Remove duplicate row, as well as row that was duplicated.

Andrew__K · ‎12-03-2023

Our labelling software generates a transaction report that represents each label generated, I pull data from this report using PowerQuery. Each row is an individual label or transaction.

When an error is made during the labelling process and the operator deletes/reverses that label, the transaction report shows it as a normal transaction with a 1 in a Transaction Type (Trx Type) column, followed by another row with the same information, but has a -1 as the transaction type to represent the deleted label.

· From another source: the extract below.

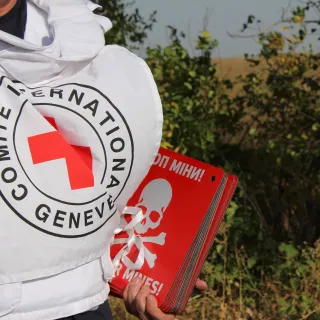 « Danger Mines » signs Near Berezovoye check point. An ICRC delegate is installing « Danger Mines » signs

Is there any way I can remove both these rows in my query? I know I can filter -1 Trx Types, but this leaves the original transaction in place. These is also a serial column for each transaction, these match on the -1 and 1 rows, so could potentially be used? Below is an example of the report.

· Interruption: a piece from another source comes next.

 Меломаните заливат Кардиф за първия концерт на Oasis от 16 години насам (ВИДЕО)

Date	Product PPN	Description	Prod Date	Serial	Trx Type
4/12/2023	10751	PRODUCT LABEL	2/11/2023	70001	1
4/12/2023	10751	PRODUCT LABEL	2/11/2023	70002	1
4/12/2023	10751	PRODUCT LABEL	2/11/2023	70003	1
4/12/2023	10751	PRODUCT LABEL	2/11/2023	70004	1
4/12/2023	10751	PRODUCT LABEL	2/11/2023	70005	1
4/12/2023	10751	PRODUCT LABEL	2/11/2023	70006	1
4/12/2023	10751	PRODUCT LABEL	2/11/2023	70007	1
4/12/2023	10751	PRODUCT LABEL	2/11/2023	70008	1
4/12/2023	10751	PRODUCT LABEL	2/11/2023	70009	1
4/12/2023	10751	PRODUCT LABEL	2/11/2023	70010	1
4/12/2023	10751	PRODUCT LABEL	2/11/2023	70011	1
4/12/2023	10751	PRODUCT LABEL (Deleted)	2/11/2023	70011	-1
4/12/2023	10751	PRODUCT LABEL	2/11/2023	70012	1
4/12/2023	10751	PRODUCT LABEL	2/11/2023	70013	1

Any help would be appreciated.

Thank you

adudani · ‎12-03-2023

HI @Andrew__K ,

Steps taken:

1. Unique Row Identifier: Combination of all columns delimeted by "|" in the Table Query (Your input)

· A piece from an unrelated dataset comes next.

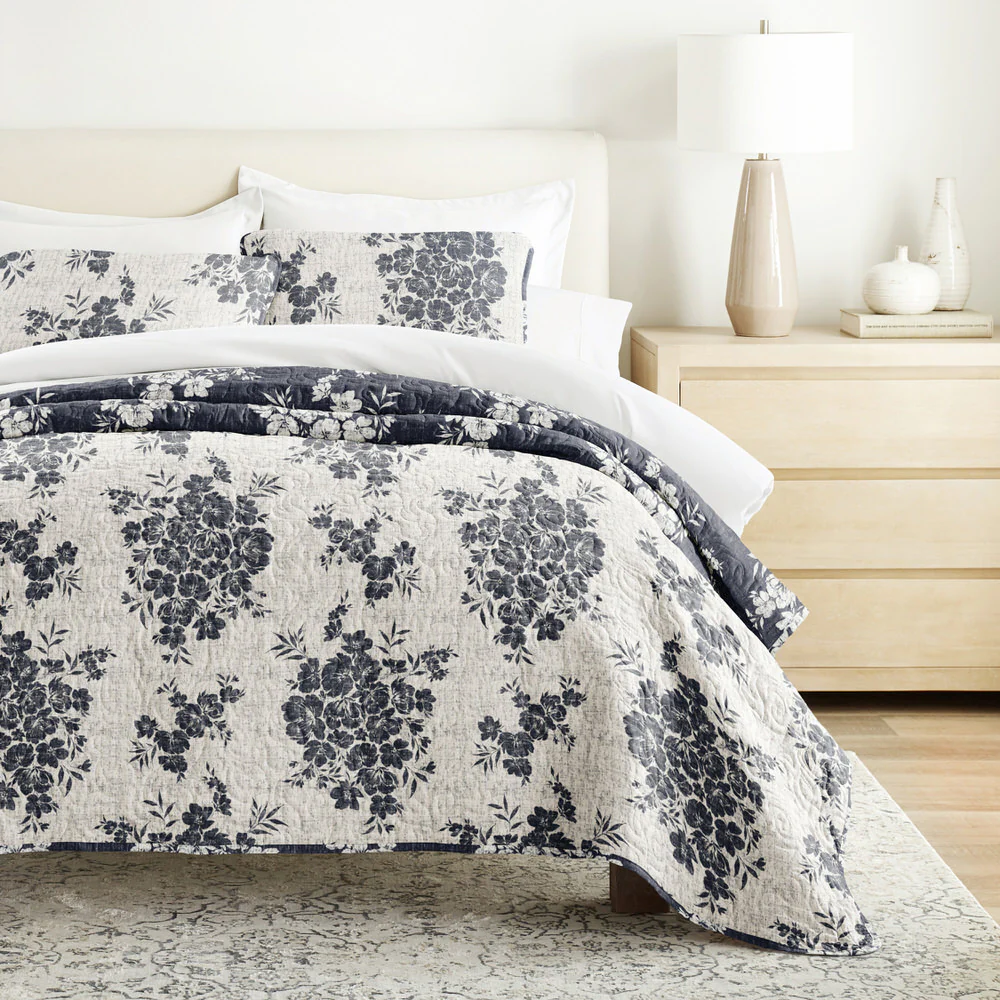 Distressed Bouquet Reversible Quilted Coverlet Set - Image 15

2. Created a new query (RowsToRemove) referencing this

3. Grouped this query by Serial along with a summarized table of all rows and a count of all distinct rows. If distinct count > 1 then there are duplicates.

4. Filtered for rows >1 . Expanded the table.

5. Merged Table and Rows to delete as a new query on the unique identifier (Output - shown below). The rows which don't have a unique idenitifer are the rows which didn't have any duplicates in the raw data and are retained.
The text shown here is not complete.